Concernant les sanctions pouvant être infligées aux agences usant de pratiques discriminantes, la présidente de l’Unis rappelle qu’une commission, au sein de son syndicat, a en charge la mission d’examiner les plaintes qui seraient portées à sa connaissance : « malheureusement si quelque chose est récurrent alors nous allons rappeler le droit, (…) les différentes formations (…), voire éventuellement sanctionner ». Côté FNAIM, Jean-Marc Torrollion tient à préciser : « en ce qui concerne la Fédération, puisque deux noms ont été cités dans l’étude de SOS Racisme, les présidents des chambres territoriales de la FNAIM dont les agences sont concernées sont membre (à savoir les Bouches- du-Rhône et la Loire Atlantique) ont la responsabilité de la mesure disciplinaire et elle sera adaptée : on peut avoir notamment un blâme avec obligation de formation ou une radiation tout simplement. C’est au niveau local que ça va se prendre mais je suis ça avec attention ».
Quelles mesures demain ?
SOS Racisme est invité par les deux présidents des syndicats professionnels à auditionner leurs formations. Une démarche évidemment bien accueillie par Hermann Ébongué : « Je pense qu’il y a vraiment besoin d’échanger comme on est en train de le faire ».

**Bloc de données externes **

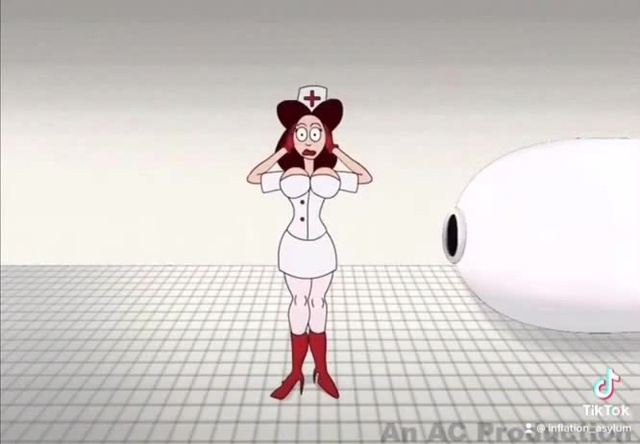 Nurse Inflation From Balloon Toons Coub The Biggest Video Meme Platform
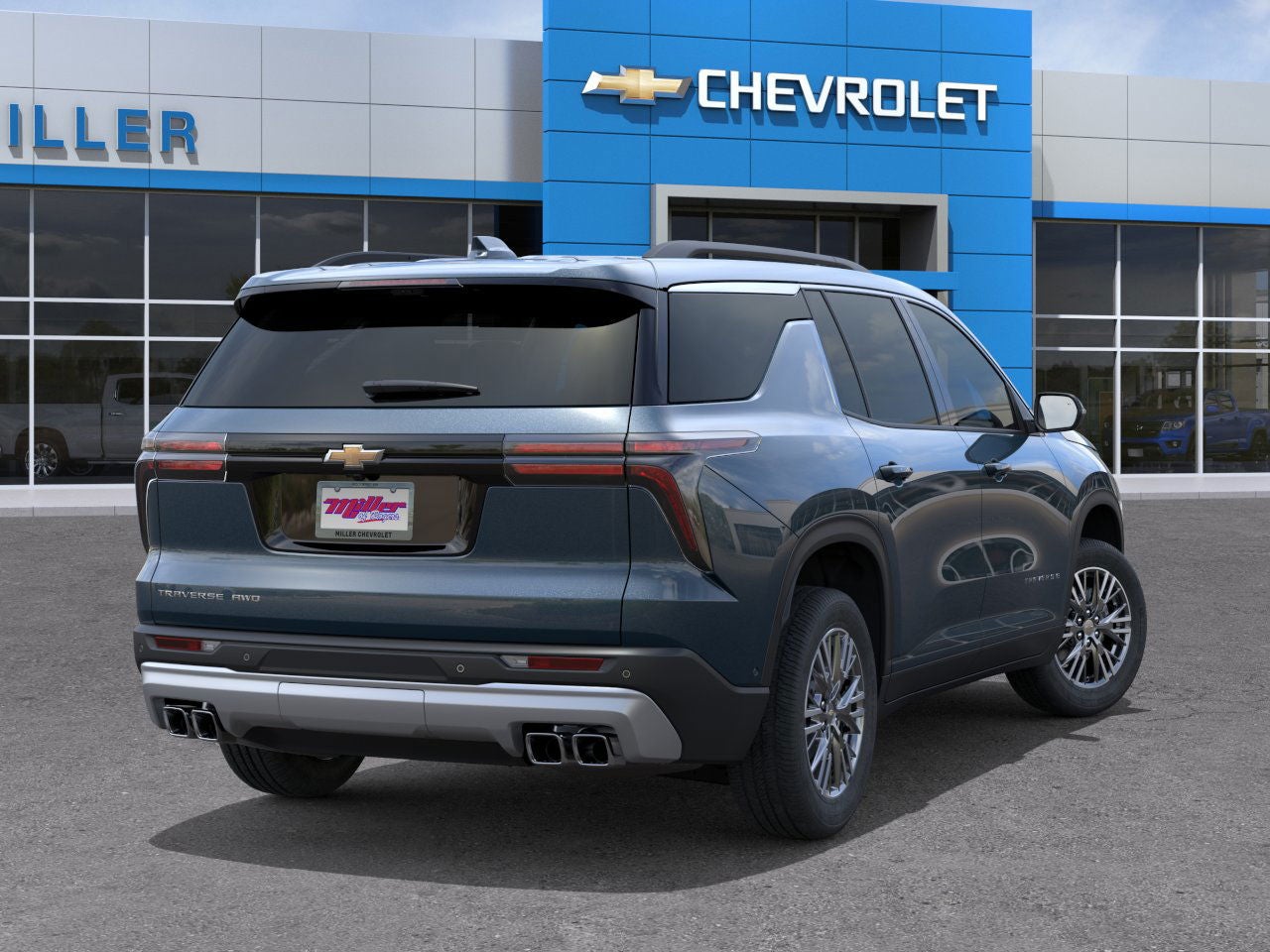 2026 Chevrolet Traverse LT SUV AWD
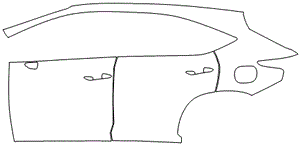 Left Side Kit | LEXUS NX 300h 2016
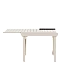 Extendable garden table PERAMA - cream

Au lendemain de cette seconde campagne de testing, Jean-Marc Torrollion ambitionne de transformer le testing en vertu pédagogique : « nous souhaiterions avoir le nom au moins des agences vertueuses (…) aussi parce que nous sommes capables à ce moment-là d’avoir un discours intéressant et surtout, parce que des agences qui ont été testées ne le savent pas. Et je pense qu’elles seraient les premières à le découvrir et, au fond, elles pourraient en parler, ce serait extrêmement puissant comme vecteur pédagogique ».
Quant au projet de vouloir faire signer une charte de non-discrimination aux propriétaires bailleurs, le président de la FNAIM y voit la possibilité de placer la profession « dans une zone de confort », même si « cela ne solutionnera pas les 42% des bailleurs qui disent vouloir gérer eux-mêmes parce qu’ils veulent s’affranchir d’un certain nombre de dispositifs réglementaires. (…) Si le gouvernement considère que nous sommes un filtre républicain, je pense qu’il peut aussi nous octroyer des avantages concurrentiels contre le marché du particulier pour renforcer l’interdiction qui, elle-même, serait contrôlée de ce point de vue-là. Et là, on a un travail à faire ». Et Danielle Dubrac de compléter : « pourrait être discutée avec le Défenseur des droits la possibilité de faire entrer la discrimination comme facteur de remise en cause d’un avantage fiscal : ce pourrait être aussi une autre façon de travailler le sujet ».